» Work request: Line by line, repeat the data below exactly, beginning at the first line and ending at the line with "Used 2023 Ford". Omit pictures.

[Opening Input for this task section]

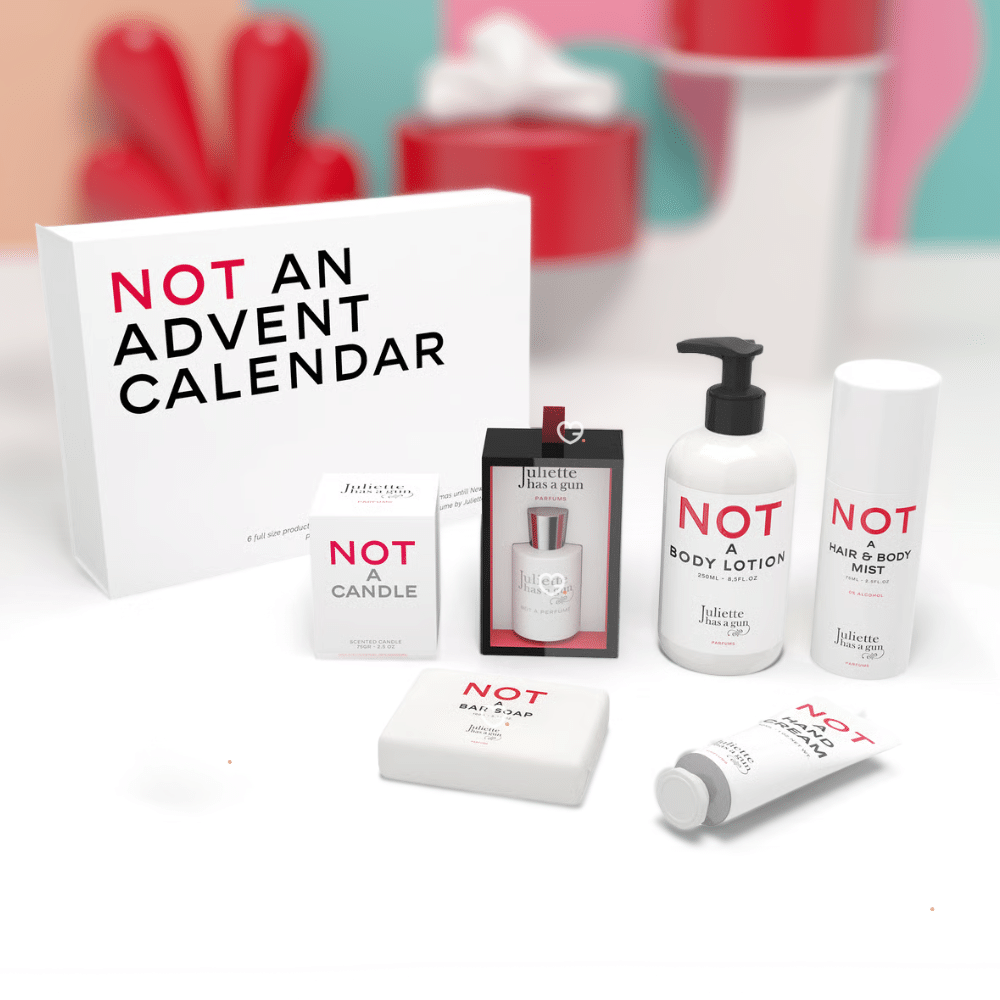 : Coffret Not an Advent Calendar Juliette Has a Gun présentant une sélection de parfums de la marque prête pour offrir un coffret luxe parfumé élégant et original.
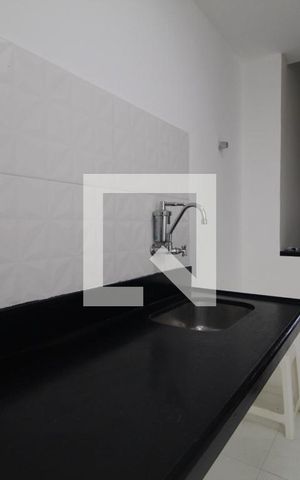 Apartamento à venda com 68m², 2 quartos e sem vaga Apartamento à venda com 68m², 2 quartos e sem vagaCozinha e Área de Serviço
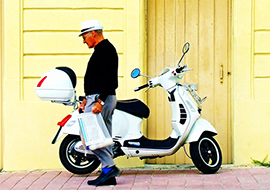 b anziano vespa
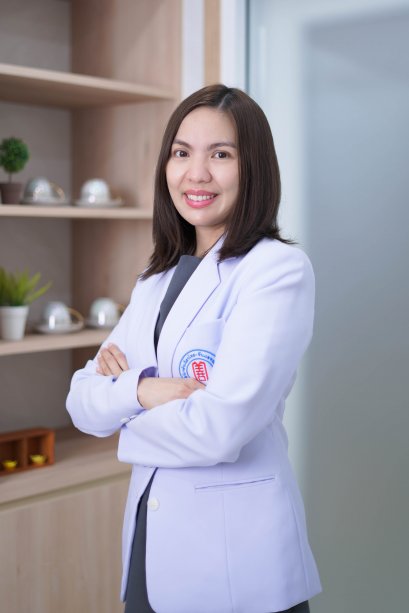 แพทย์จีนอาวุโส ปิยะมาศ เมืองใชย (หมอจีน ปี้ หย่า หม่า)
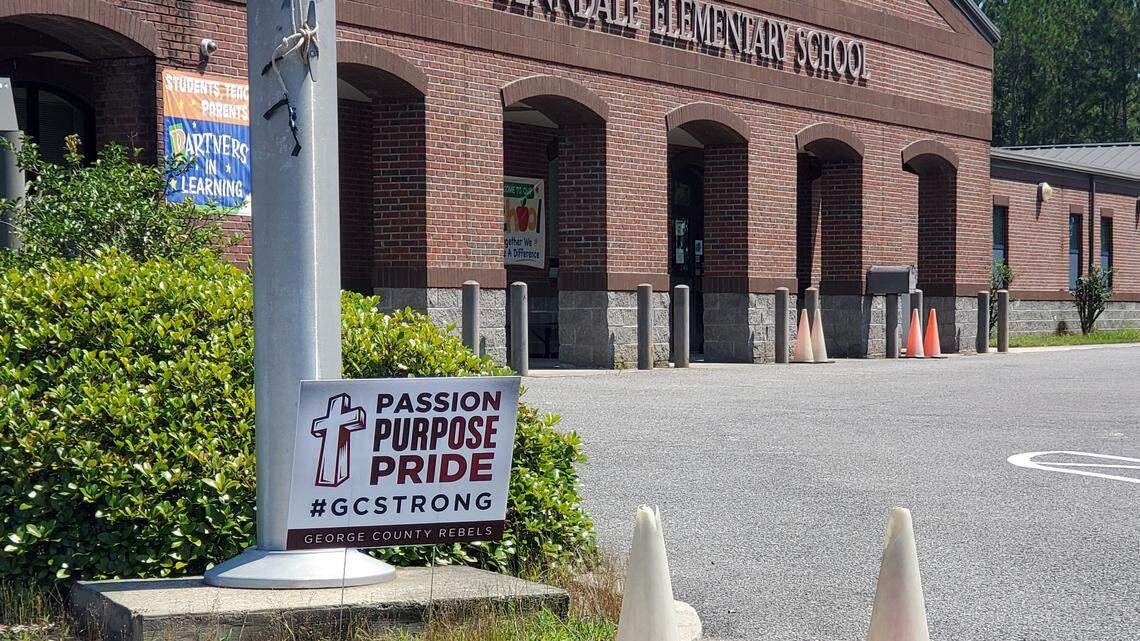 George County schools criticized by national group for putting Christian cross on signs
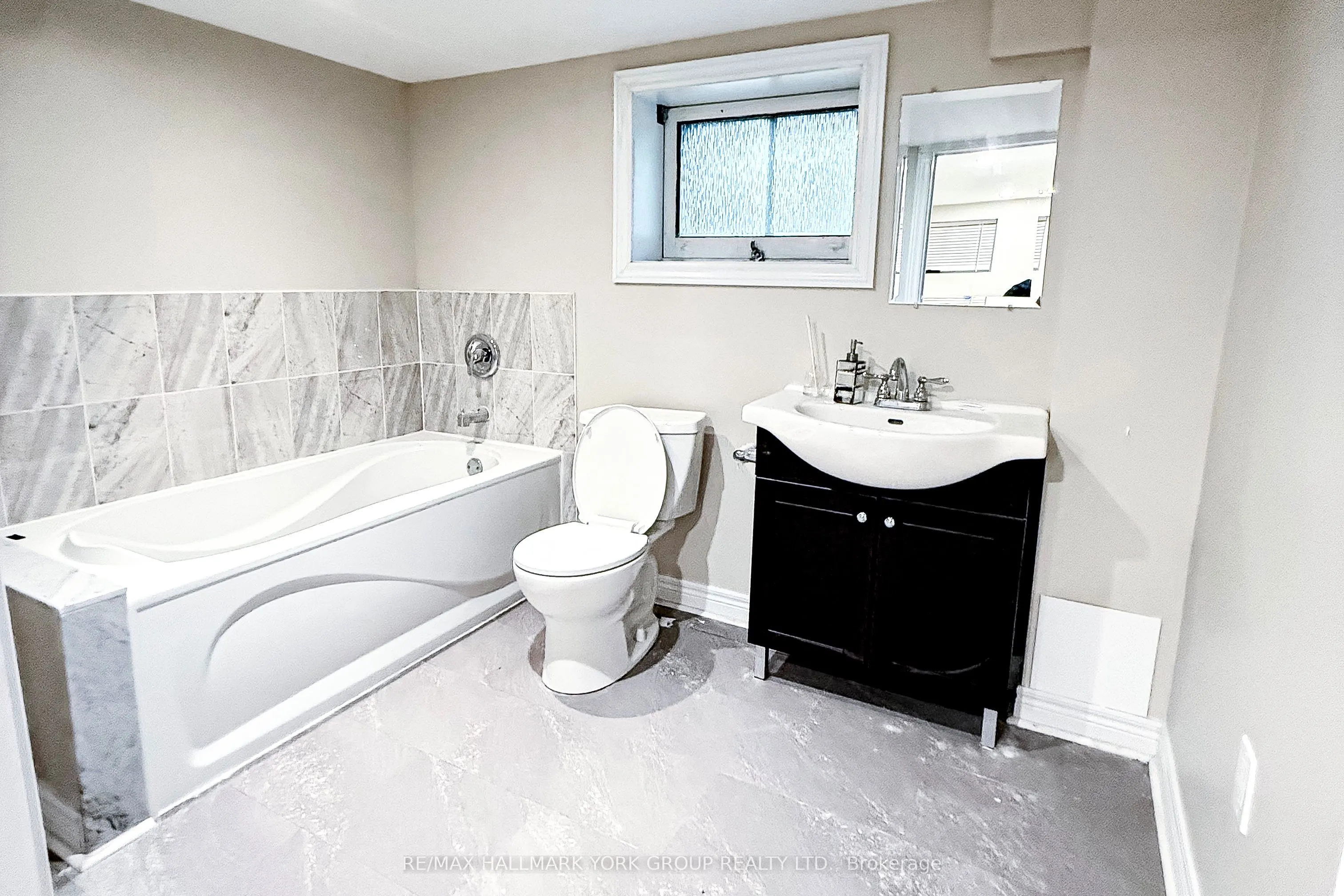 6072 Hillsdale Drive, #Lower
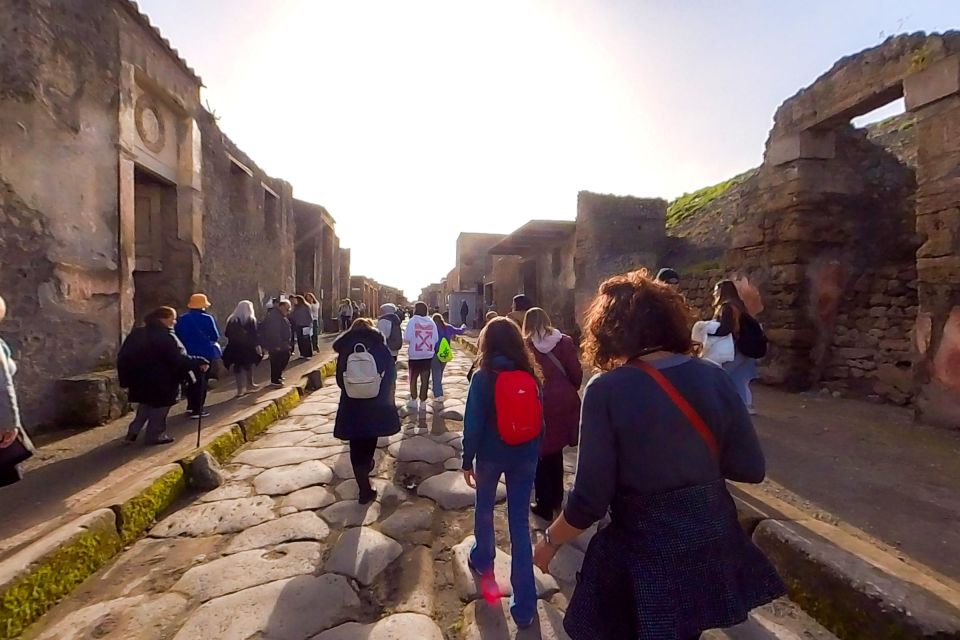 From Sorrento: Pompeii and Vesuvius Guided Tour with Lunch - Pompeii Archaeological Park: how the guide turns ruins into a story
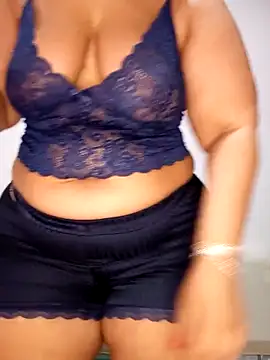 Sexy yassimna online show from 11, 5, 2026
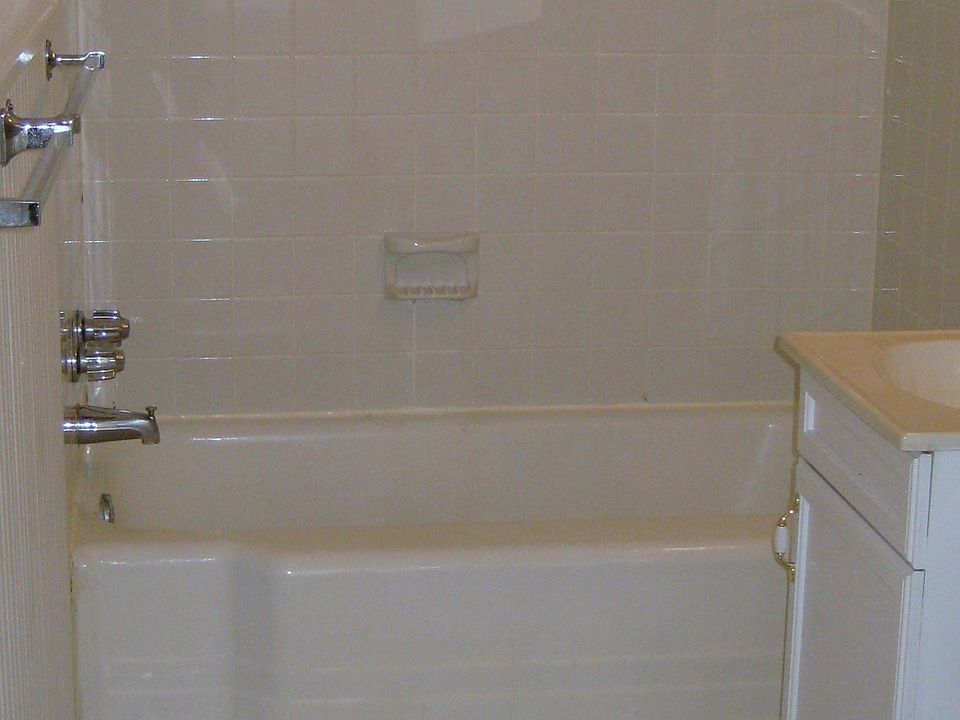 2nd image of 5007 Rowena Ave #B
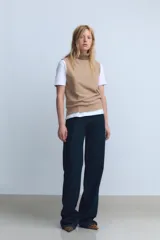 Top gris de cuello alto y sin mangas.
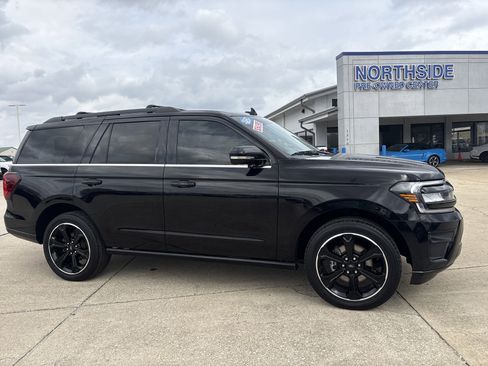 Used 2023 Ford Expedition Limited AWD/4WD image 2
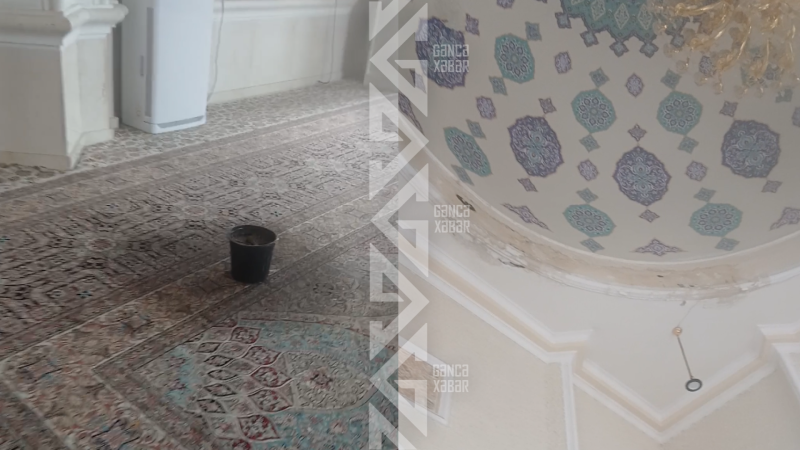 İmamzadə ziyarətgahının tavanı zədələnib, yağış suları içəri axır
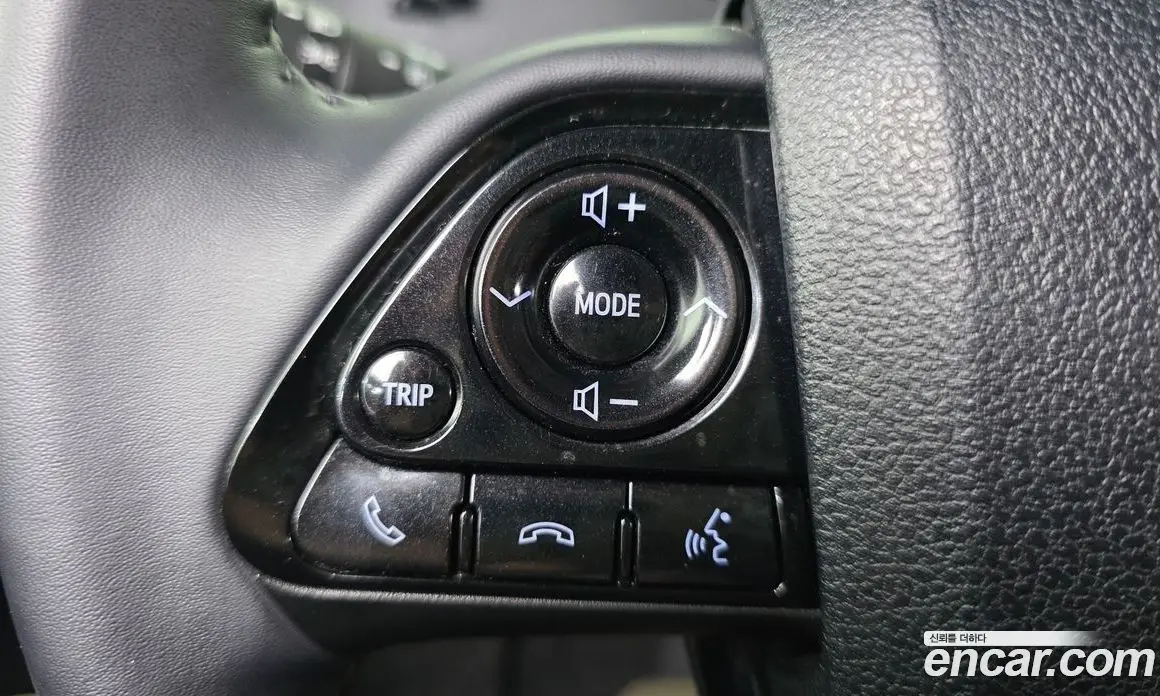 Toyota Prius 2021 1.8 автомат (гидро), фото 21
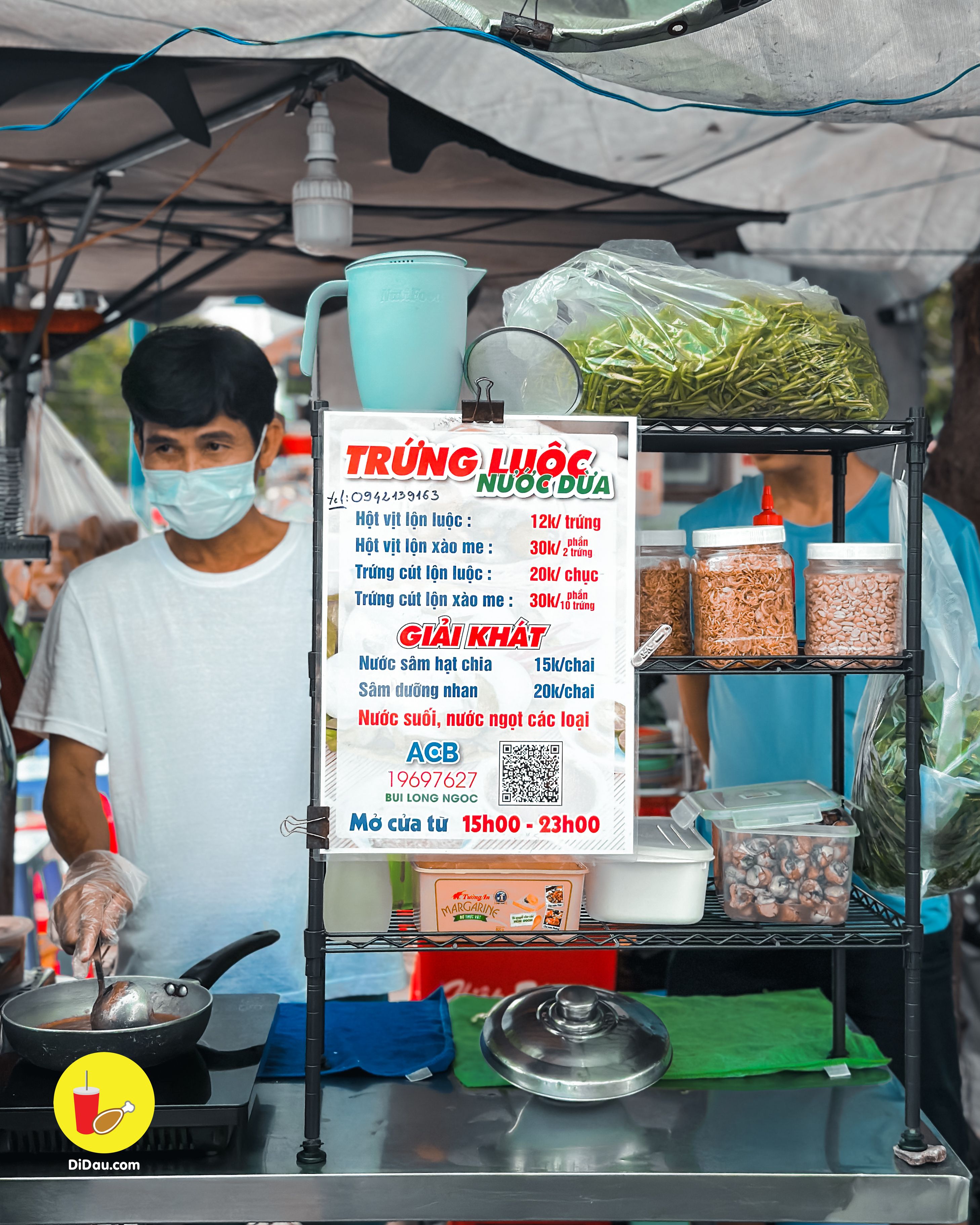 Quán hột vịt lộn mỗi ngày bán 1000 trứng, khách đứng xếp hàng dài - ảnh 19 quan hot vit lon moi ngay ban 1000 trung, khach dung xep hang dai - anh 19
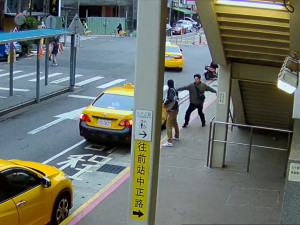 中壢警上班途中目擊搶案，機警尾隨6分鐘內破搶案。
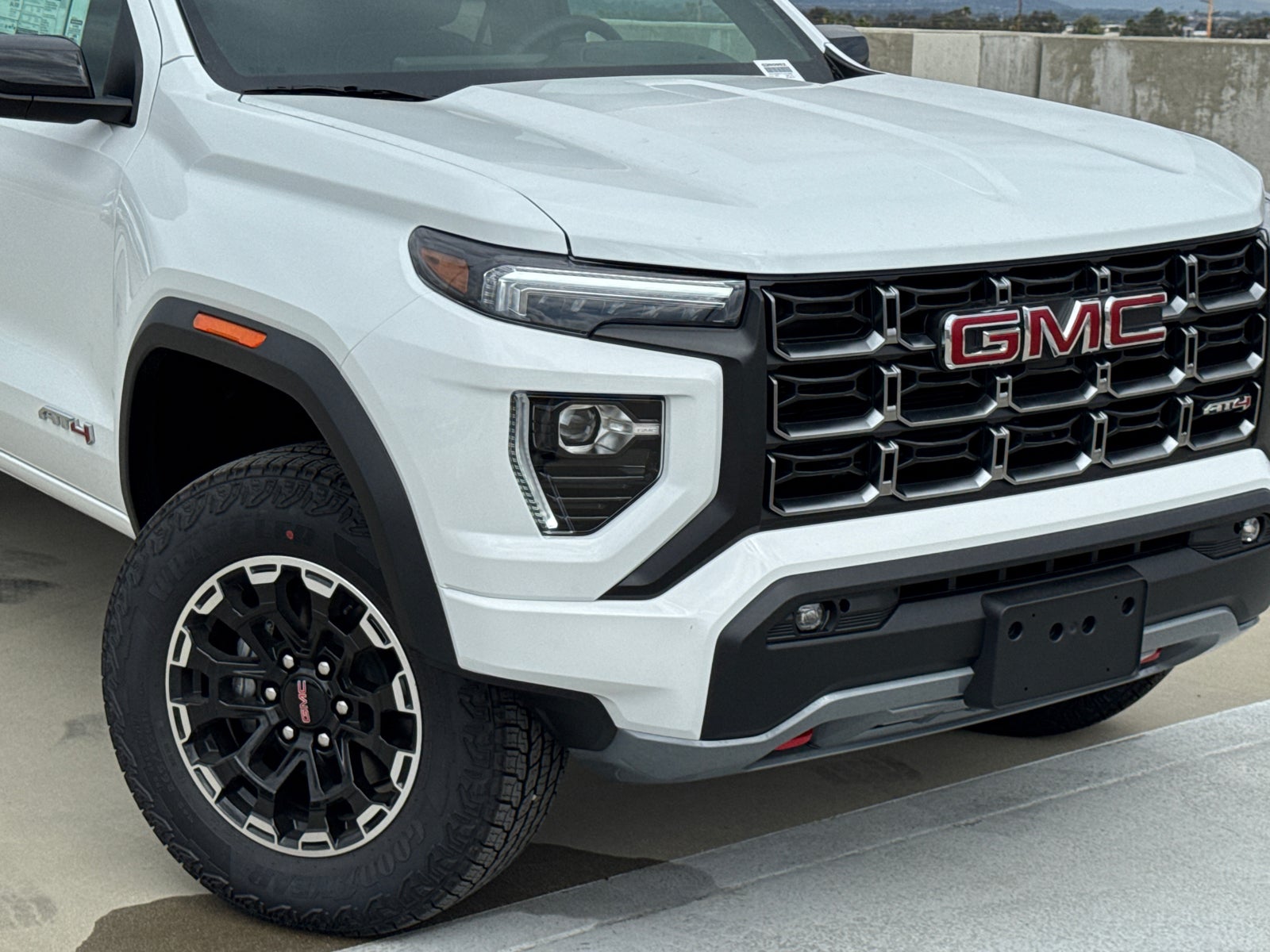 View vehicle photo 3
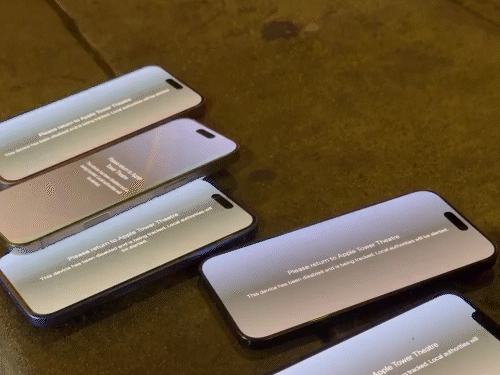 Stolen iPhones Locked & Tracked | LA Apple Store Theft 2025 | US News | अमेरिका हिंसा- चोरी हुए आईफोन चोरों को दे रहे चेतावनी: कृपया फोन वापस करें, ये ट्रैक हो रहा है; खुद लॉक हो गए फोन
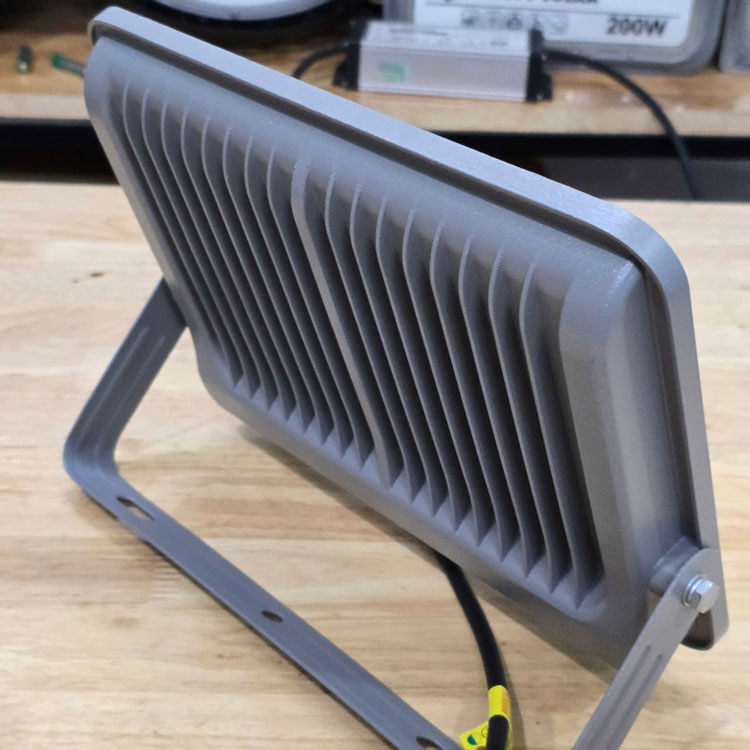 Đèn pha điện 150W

[Closing Input for this task section]

» Answer for this exercise:
 : Coffret Not an Advent Calendar Juliette Has a Gun présentant une sélection de parfums de la marque prête pour offrir un coffret luxe parfumé élégant et original.
 Apartamento à venda com 68m², 2 quartos e sem vaga Apartamento à venda com 68m², 2 quartos e sem vagaCozinha e Área de Serviço
 b anziano vespa
 แพทย์จีนอาวุโส ปิยะมาศ เมืองใชย (หมอจีน ปี้ หย่า หม่า)
 George County schools criticized by national group for putting Christian cross on signs
 6072 Hillsdale Drive, #Lower
 From Sorrento: Pompeii and Vesuvius Guided Tour with Lunch - Pompeii Archaeological Park: how the guide turns ruins into a story
 Sexy yassimna online show from 11, 5, 2026
 2nd image of 5007 Rowena Ave #B
 Top gris de cuello alto y sin mangas.
 Used 2023 Ford Expedition Limited AWD/4WD image 2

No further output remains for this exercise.